CV - PEIRS Cedric


Name:

Dr. Cedric Peirs

Nationality:

France

Position:

Postdoctoral Associate

Education:

University Clermont-Auvergne (France), Postdoctoral Associate

University of Pittsburgh (United States), Postdoctoral Associate

University of Auvergne (France), Ph.D. in Neuroscience

University of Bordeaux (France) – University of Melbourne (Australia), M.Sc. in Cell Biology and Pathophysiology

University of Bordeaux (France), B.Sc. in Cell Biology and Physiology

Email:

cedric.peirs@inserm.fr

Address:

INSERM U1107 - Neuro-Dol: Trigeminal Pain and Migraine

Faculté de Chirurgie Dentaire

2, rue de Braga

63100, Clermont-Ferrand - FRANCE

Phone:

+33 4 73 17 73 11

Research Interest:

A major impediment to identifying new pain treatments is our poor understanding of the neural networks and mechanisms that underlie pain. This apparent lack of knowledge is partially due to the high level of heterogeneity and complexity of the spinal cord dorsal horn, the first central node in somatosensory pathways and the locus where activation of the nociceptive circuit (which conveys painful information) first manifests. My previous and current research focus on the neurobiology of pain, especially the neuronal circuitry that resides in the spinal cord and medullary dorsal horns.

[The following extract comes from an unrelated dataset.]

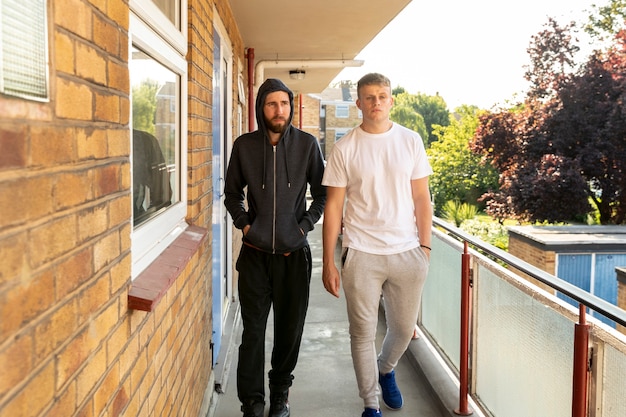 Full shot men on balcony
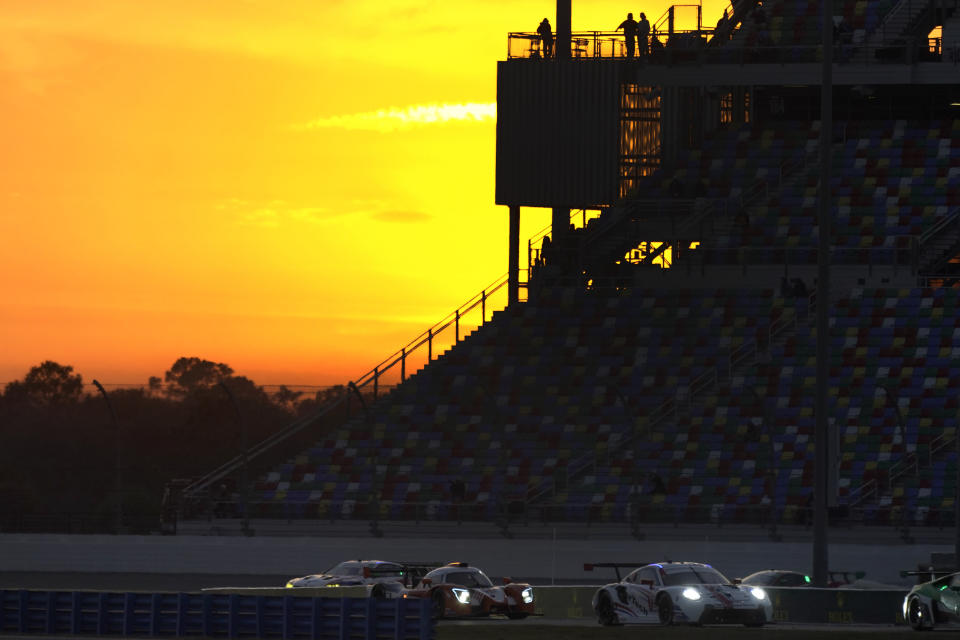 Cars navigate the infield road course as the sun sets during the Rolex 24 hour auto race at Daytona International Speedway, Saturday, Jan. 30, 2021, in Daytona Beach, Fla. (AP Photo/John Raoux)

During my PhD, I focused on segmental mechanisms that underlie touch-induced pain in the setting of injury, using rodent animal models of persistent pain. In the laboratory of Pr. Radhouane Dallel in Clermont-Ferrand (France), I specifically investigated the anatomical and electrophysiological properties of protein kinase C gamma (PKCγ) interneurons in the medullary dorsal horn, which are known to play a key role in the neuroplasticity underlying touch-induced pain. I unmasked the circuit underlying static mechanical allodynia using the capsaicin pain model and described a complete cellular mechanism responsible for the disinhibition of PKCγ neurons that leads to the transformation of touch into pain. Publications from this work provide information about the identity and role of PKCγ interneurons in the neuronal circuit that conveys touch as painful after injury.

For my postdoctoral work, I joined Dr. Rebecca Seal’s laboratory in Pittsburgh (United States) to study VGLUT3 KO mice in order to further reveal the circuit underlying mechanical pain. Those mice do not develop mechanical pain while conserving other modalities intact, such as thermal, touch or itch sensation, making this line ideal to study the circuit underlying mechanical pain. In this body of work, I used a host of recently generated viral tools to identify several of the long-elusive neuronal populations that form the persistent pain network. In addition, this work produced the concept that multiple spinal microcircuits encode mechanical hypersensitivity and each has its own signature role in facilitating the pain depending on the type of insult.

Back in the laboratory of Pr. Radhouane Dallel in Clermont-Ferrand (France) as a postdoctoral associate, my current research is still dedicated to the understanding of pain circuits. Combining opto/pharmacogenetics, behavior analysis, patch-clamp electrophysiology, cell biology, viral tracings and calcium imaging, I am now investigating the anatomical and functional organization of the neuronal circuits engaged in chronic pain, including those in the dorsal horn, but also their dynamics and the conditions of their recruitment.

Technical expertise:

- Electrophysiology: Ex vivo whole cell patch-clamp recording (spinal cord slices with dorsal roots, DRGs and skin attached), optogenetic and pharmacogenetic, single cell morphology by biocytin tracing.

- Surgery: French degree in animal experimentation Level 1, intra-spinal microinjection, cannulation and cerebral microinjection, intrathecal/intracisternal injections.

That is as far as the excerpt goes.